#### Provided data:
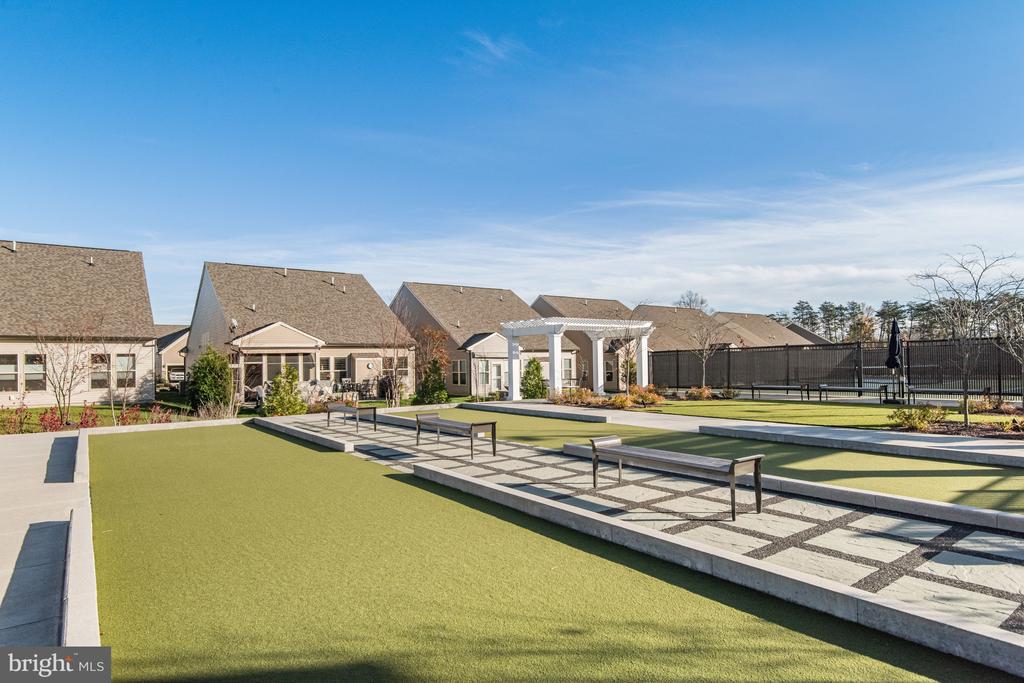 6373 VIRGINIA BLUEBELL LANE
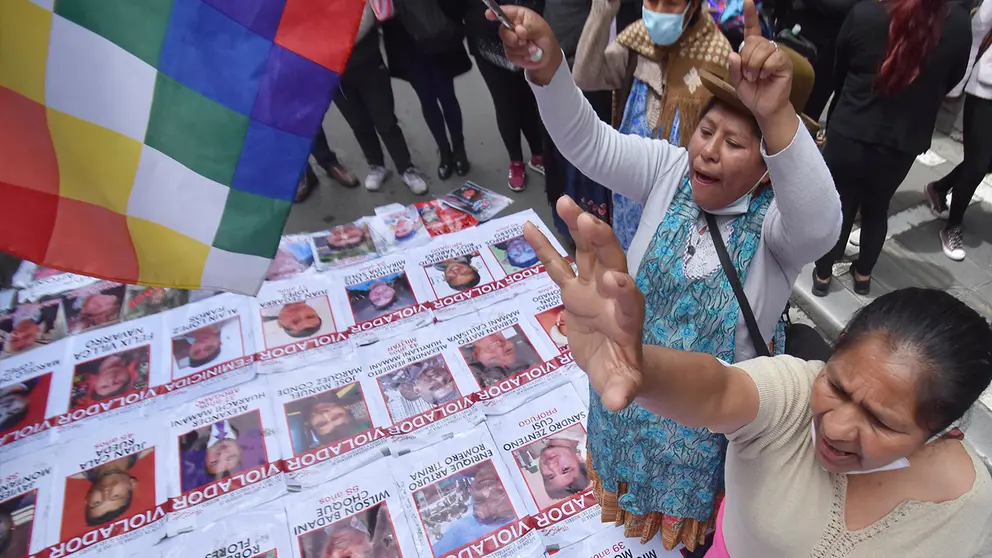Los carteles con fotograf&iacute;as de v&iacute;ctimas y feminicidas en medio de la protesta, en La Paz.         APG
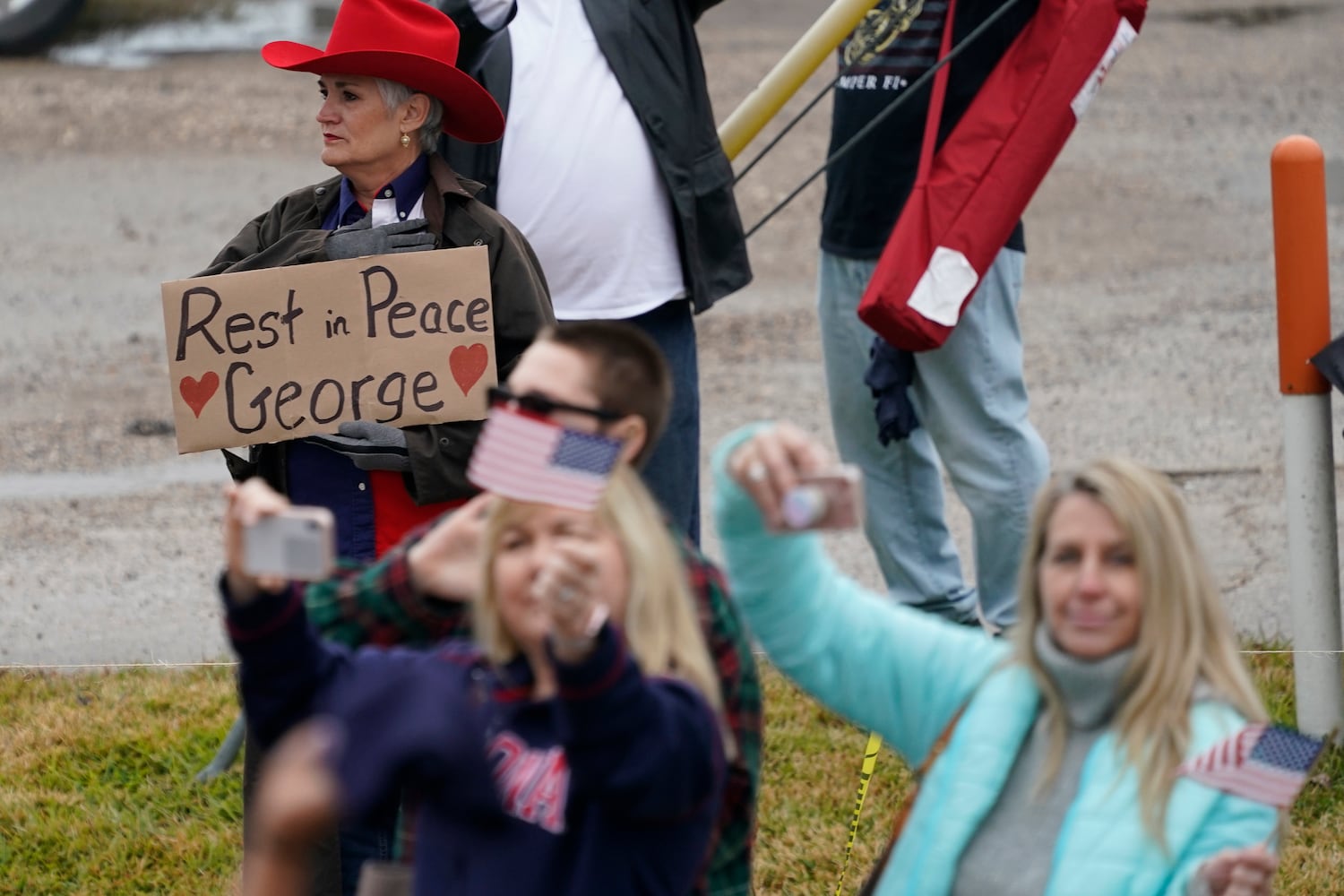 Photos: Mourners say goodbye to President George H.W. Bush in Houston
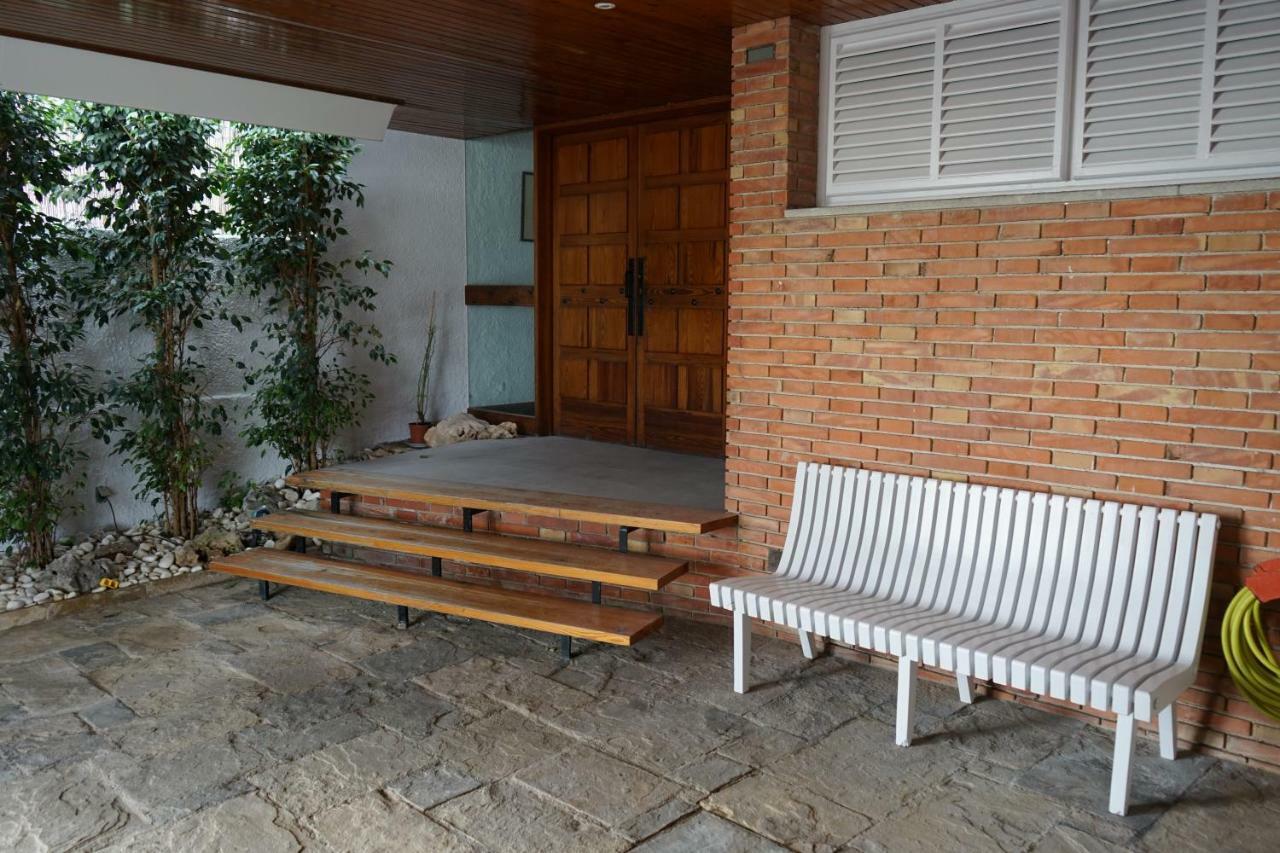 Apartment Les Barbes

#### What you will do:
Type the listing out again word for word, passing over each picture.

#### Answer section:
 6373 VIRGINIA BLUEBELL LANE
Los carteles con fotograf&iacute;as de v&iacute;ctimas y feminicidas en medio de la protesta, en La Paz.         APG
 Photos: Mourners say goodbye to President George H.W. Bush in Houston
 Apartment Les Barbes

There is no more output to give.